» WHAT THE EXERCISE ASKS: Excluding pictures, retype exactly the lines from the one with "Square Storage Trolley" through the end of the records that follow.

RECORDS PROVIDED section start

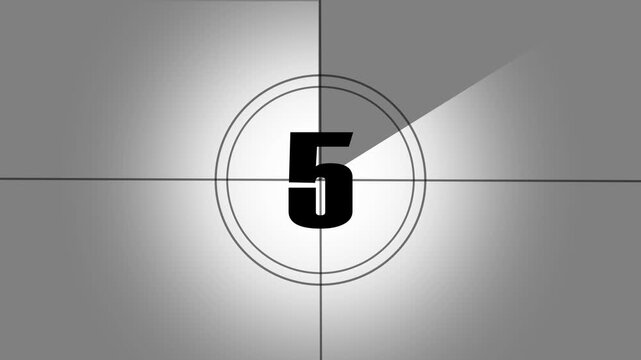 "Cinematic movie countdown from 10 to 0, vintage film leader style, bold centered numbers changing every second..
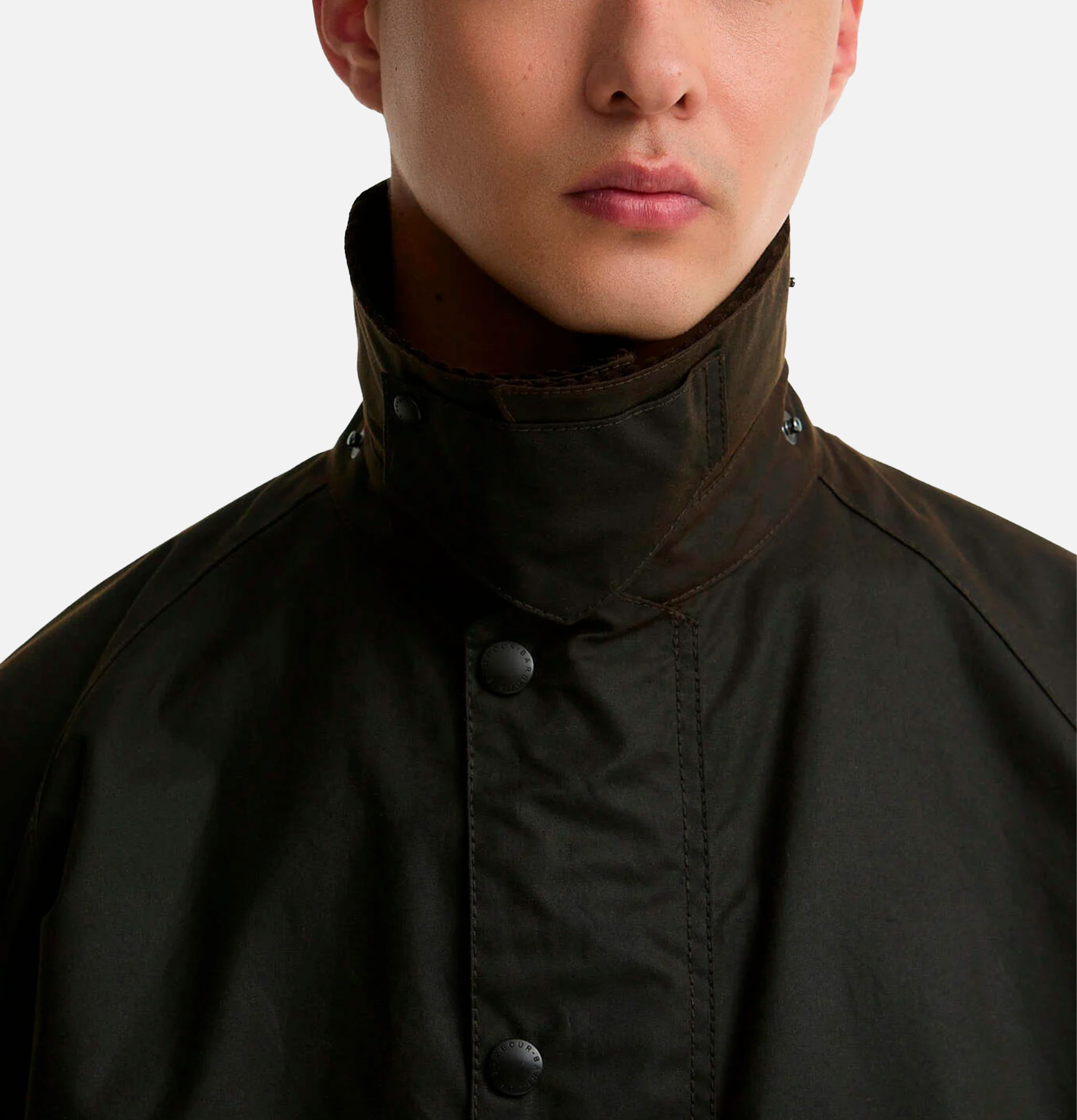 Barbour Veste Cirée Transport Marron Foncée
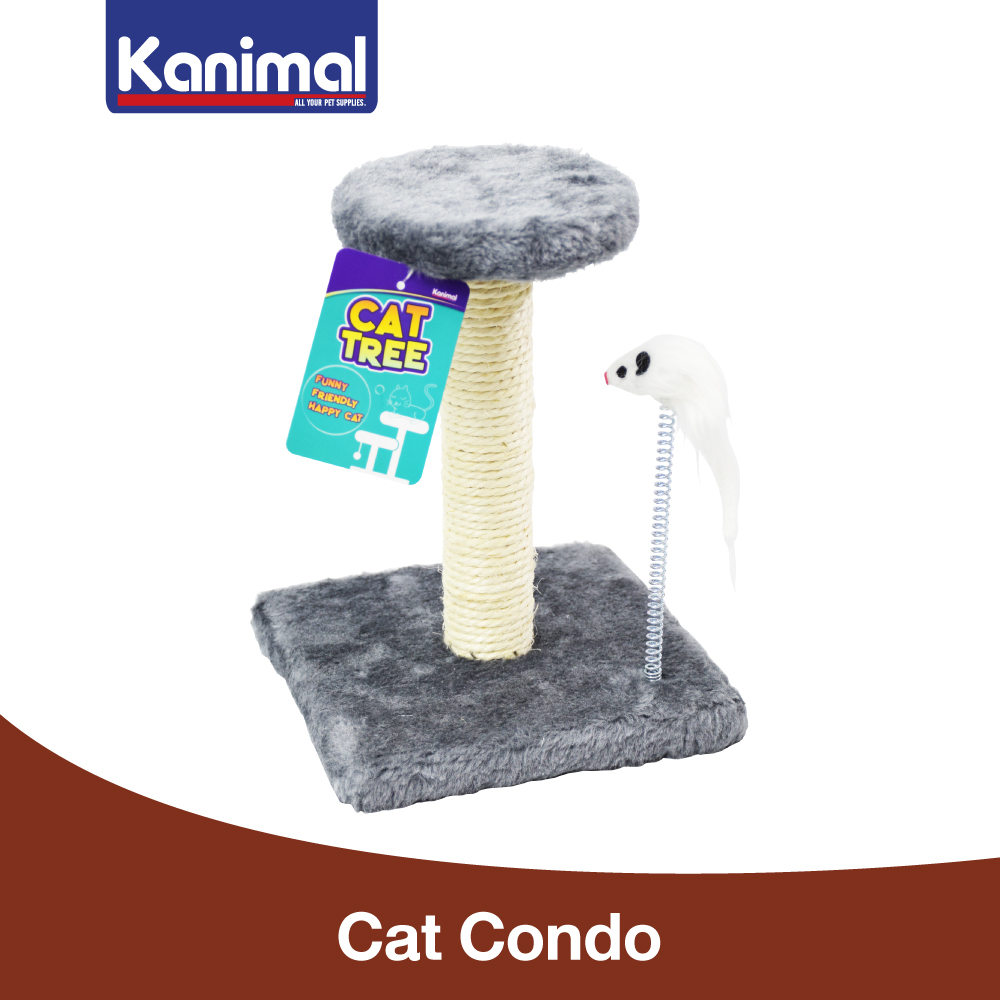 [00164] Kanimal Cat Tree ของเล่นแมว เสาลับเล็บแมว พร้อมหนูสปริง คอนโดแมว สำหรับแมวทุกวัย Size S ขนาด 26x19 ซม.
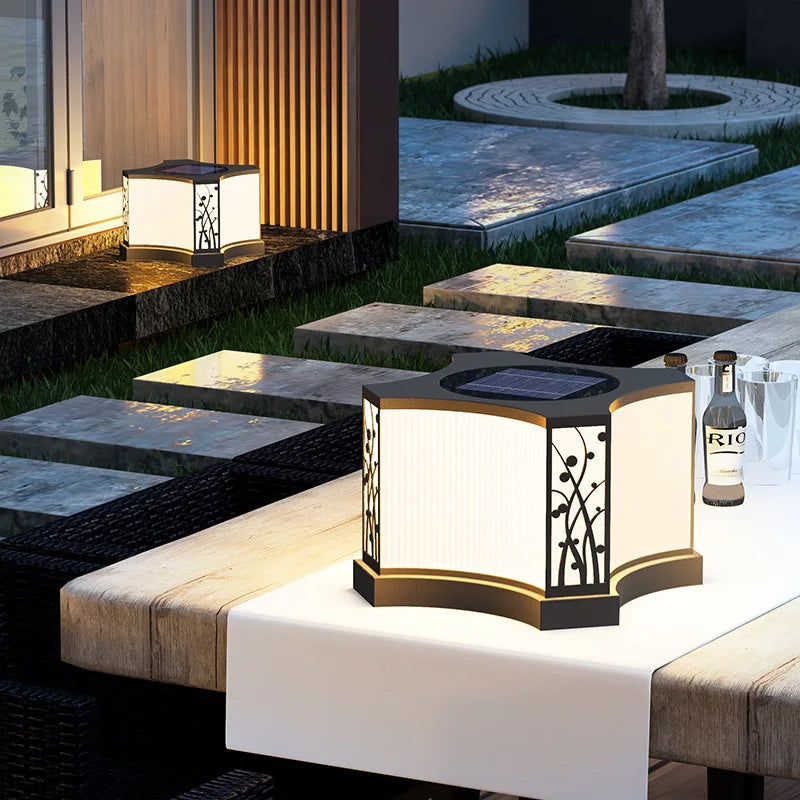 lampe solaire extérieure led en acier inoxydable pour jardin et clôture - vue 5 sur 12
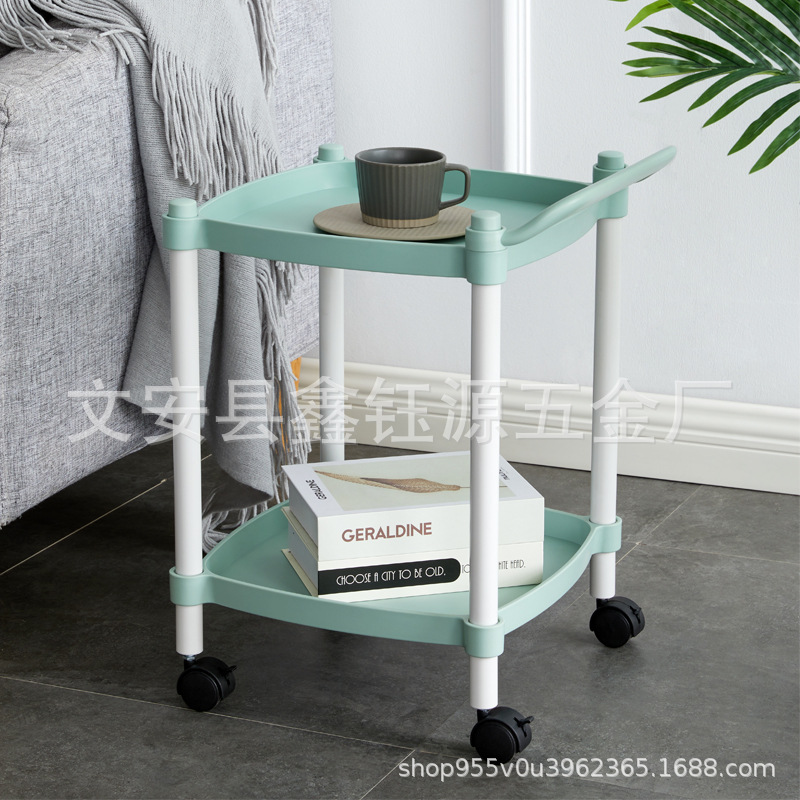 Square Storage Trolley Floor Multi-Tier Movable Household Trolley Square Storage Rack for Kitchen and Living Room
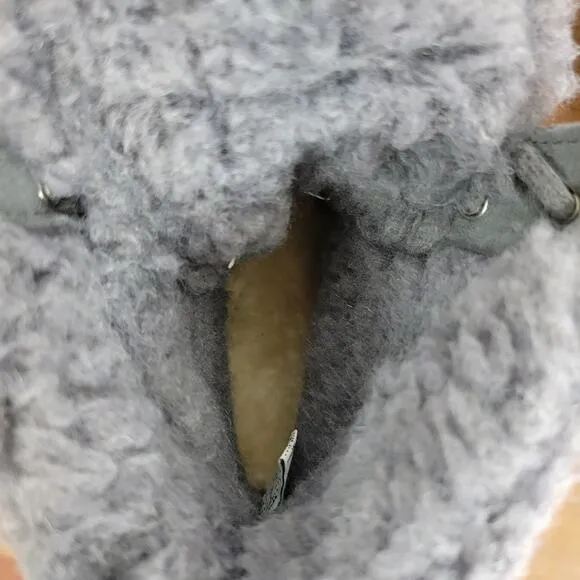 Bearpaw Krista Womens Ankle Boots Size 7 Gray Suede Lace Up High Wedge Heels NEW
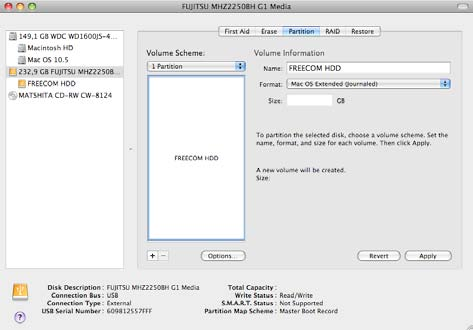 Partitionierung des Freecom Freecom Mobile Hard Drive / Desktop Hard Drive unter Mac OS X 1. Öffnen Sie das "Festplatten-Dienstprogramm". Dies finden Sie unter "Programme" > "Dienstprogramme". 2.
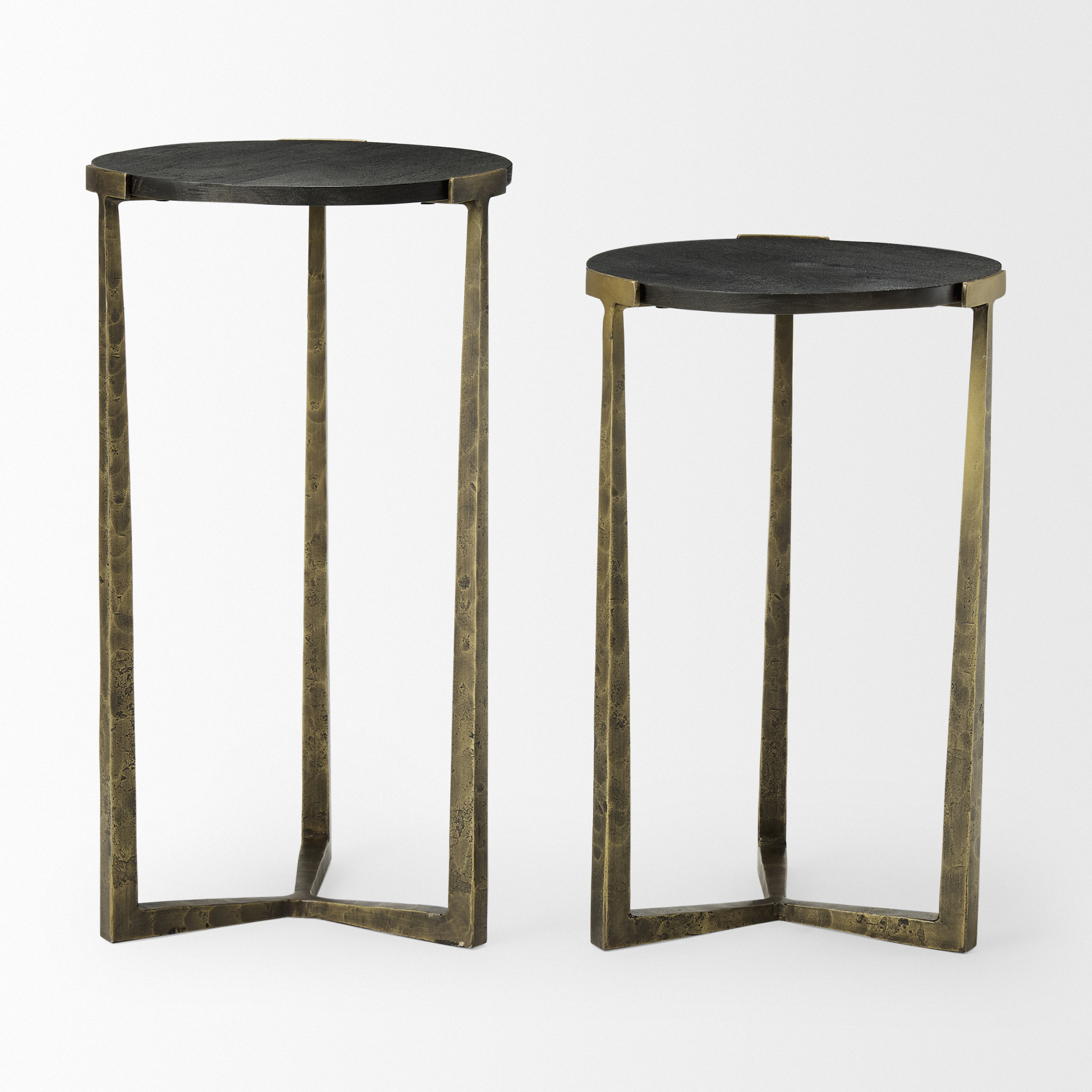 atticus black wood and antiqued gold metal nesting accent tables (set of 2)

RECORDS PROVIDED section end

» ANSWER SPACE:
 Square Storage Trolley Floor Multi-Tier Movable Household Trolley Square Storage Rack for Kitchen and Living Room
 Bearpaw Krista Womens Ankle Boots Size 7 Gray Suede Lace Up High Wedge Heels NEW
 Partitionierung des Freecom Freecom Mobile Hard Drive / Desktop Hard Drive unter Mac OS X 1. Öffnen Sie das "Festplatten-Dienstprogramm". Dies finden Sie unter "Programme" > "Dienstprogramme". 2.
 atticus black wood and antiqued gold metal nesting accent tables (set of 2)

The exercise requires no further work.